Mais c’est en marge du sommet que je rencontre avec quelques amis, un autre Breton, qui se qualifiait de « Breton d’après la marée noire » quand il était maire de Saint-Coulitz dans le Finistère. Kofi Yamgane, l’ancien secrétaire d’État chargé de l’intégration dans les gouvernements d’Édith Cresson, puis de Pierre Bérégovoy, est de passage à Dakar, en provenance de Lomé. Il est retourné vivre en Afrique, dans son Togo natal, et il est actuellement candidat à l’élection présidentielle qui aura lieu le mois prochain. Dans ce pays rongé par la corruption qui est devenu la chasse gardée de Faure Gnassingbé Eyadéma, héritier du pouvoir paternel qui a embastillé son frère, l’ancien ministre de la République française veut faire éclore l’état de droit, la démocratie, la liberté.
Kofi Yamgnane sourit, est heureux de retrouver les amis le temps d’un dîner, d’une pause dans la douceur du soir dakarois, avant de retourner dans la fournaise de sa campagne présidentielle à Lomé. L’homme avance, libre, face à son destin. Toujours souriant, il raconte les mesquineries du pouvoir en place, le flicage permanent, l’interdiction d’antenne, les vexations dont sont victimes ses amis. Mais il raconte cela avec détachement, sans affect, sans orgueil non plus.
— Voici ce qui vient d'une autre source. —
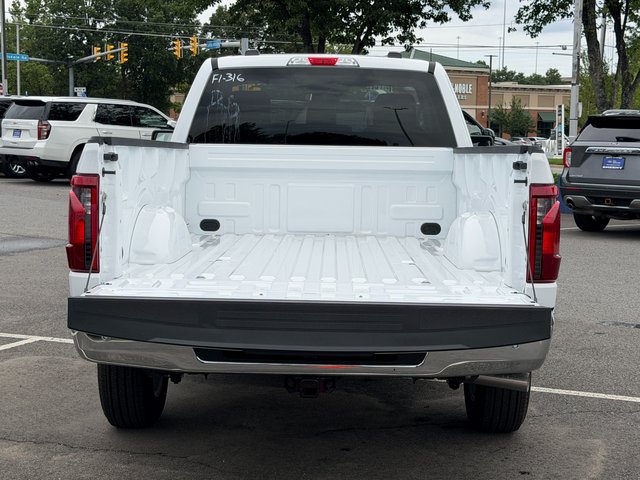 New 2026 Oxford White Ford XL image 13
C’est le lot d’un candidat à cette élection particulière, qu’il semble porter comme un joug léger. Kofi Yamgnane avance, libre, face à son destin. Il a dit à ses amis togolais qu’il ne sera pas une étoile filante. Il est revenu vivre au Togo pour que ça change, pour que progressent des valeurs de liberté, de fraternité, de dignité auxquelles il croit, qui sont sa raison de vivre. Nous dînons entourés d’amis africains et européens. C’est un moment de paix dans la légèreté et la douceur du soir dakarois. Dans sa simplicité, son humanité, l’homme libre, Kofi Yamgane a déjà gagné, au delà des péripéties électorales. Il dédicace une photo où on le voît avec Nelson Mandela, un autre homme libre, qui a avancé, tranquille, face à son destin.